» Work request:
The listing below holds pictures; exclude them. Return exactly the lines from the one with "કપડાં ધોવાનું વોશિંગ મશીન દેવાનો" through the one with "Reihenmittelhaus Bad Salzdetfurth".

» Data to examine:
►

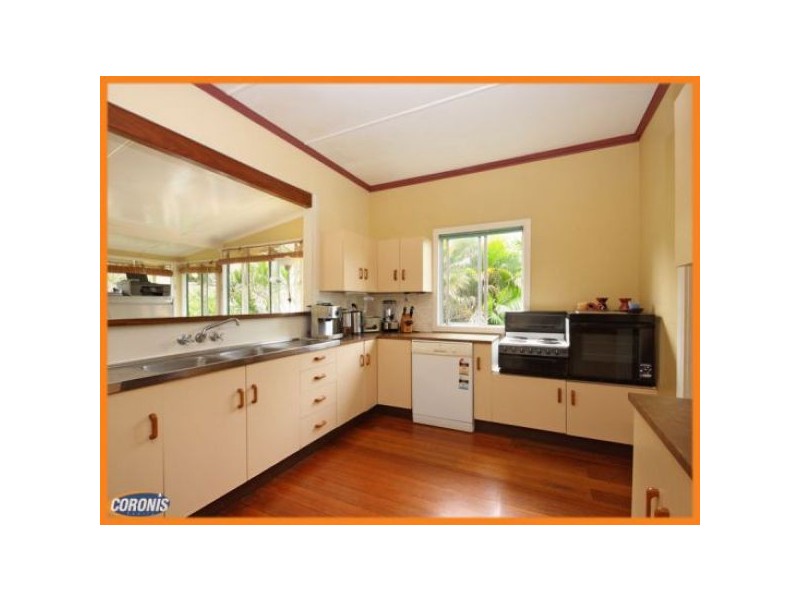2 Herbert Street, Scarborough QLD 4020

◄
►

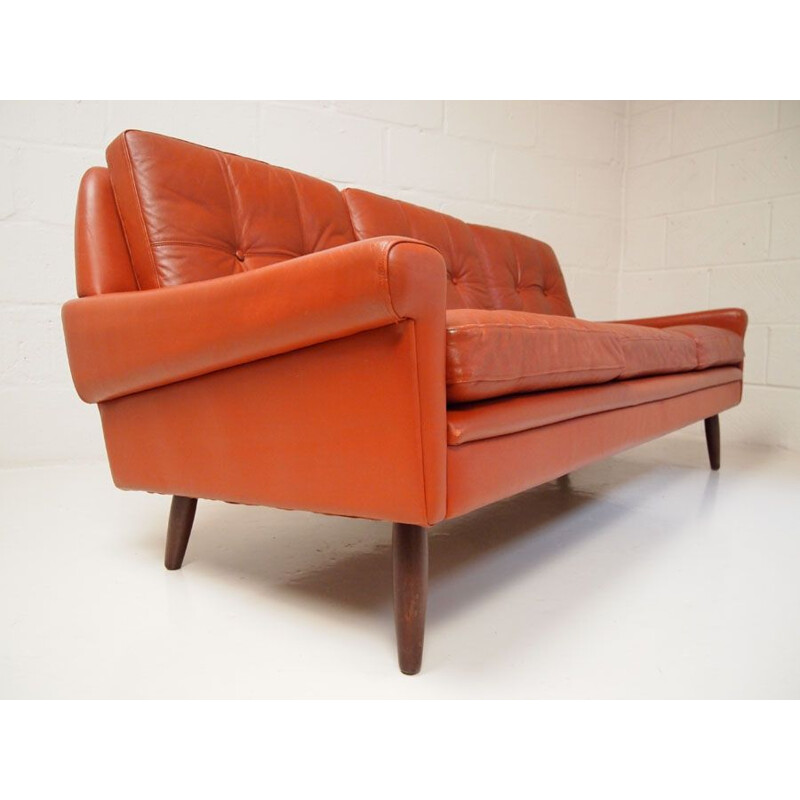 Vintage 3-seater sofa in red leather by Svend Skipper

◄
►

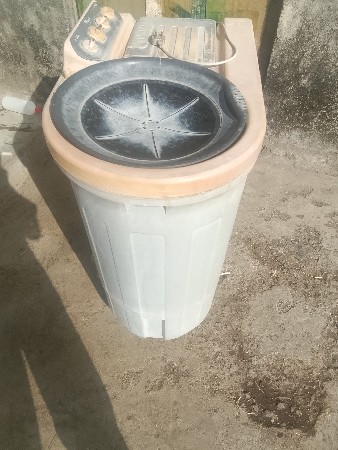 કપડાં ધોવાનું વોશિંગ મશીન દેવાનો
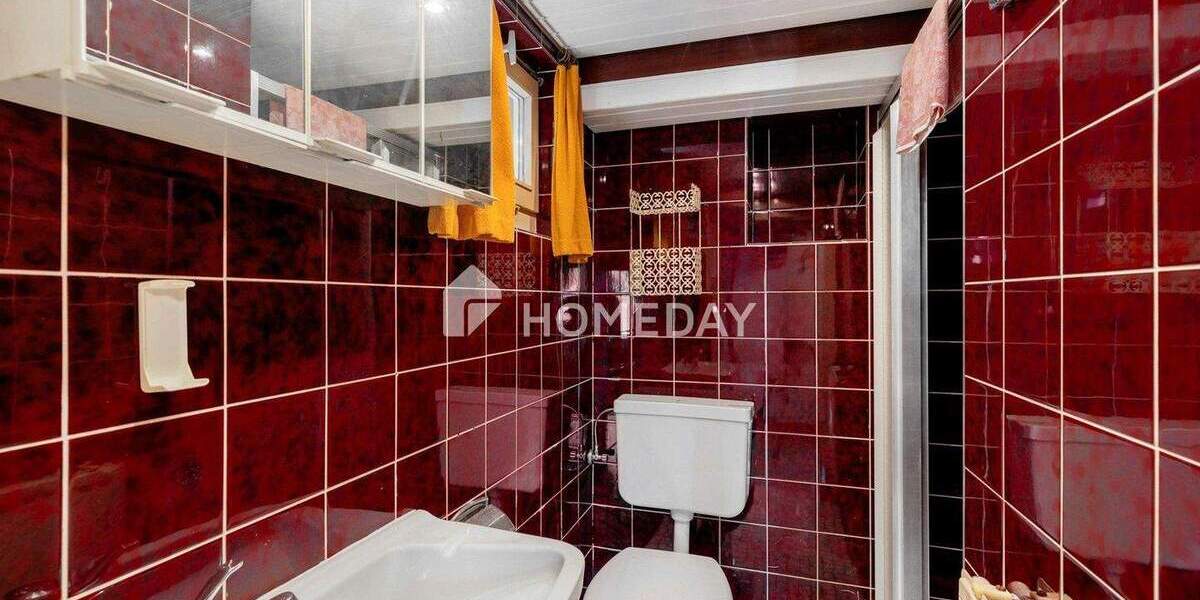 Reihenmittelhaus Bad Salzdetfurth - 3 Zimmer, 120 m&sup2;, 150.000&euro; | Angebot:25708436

◄

» Result:
 કપડાં ધોવાનું વોશિંગ મશીન દેવાનો
 Reihenmittelhaus Bad Salzdetfurth - 3 Zimmer, 120 m&sup2;, 150.000&euro; | Angebot:25708436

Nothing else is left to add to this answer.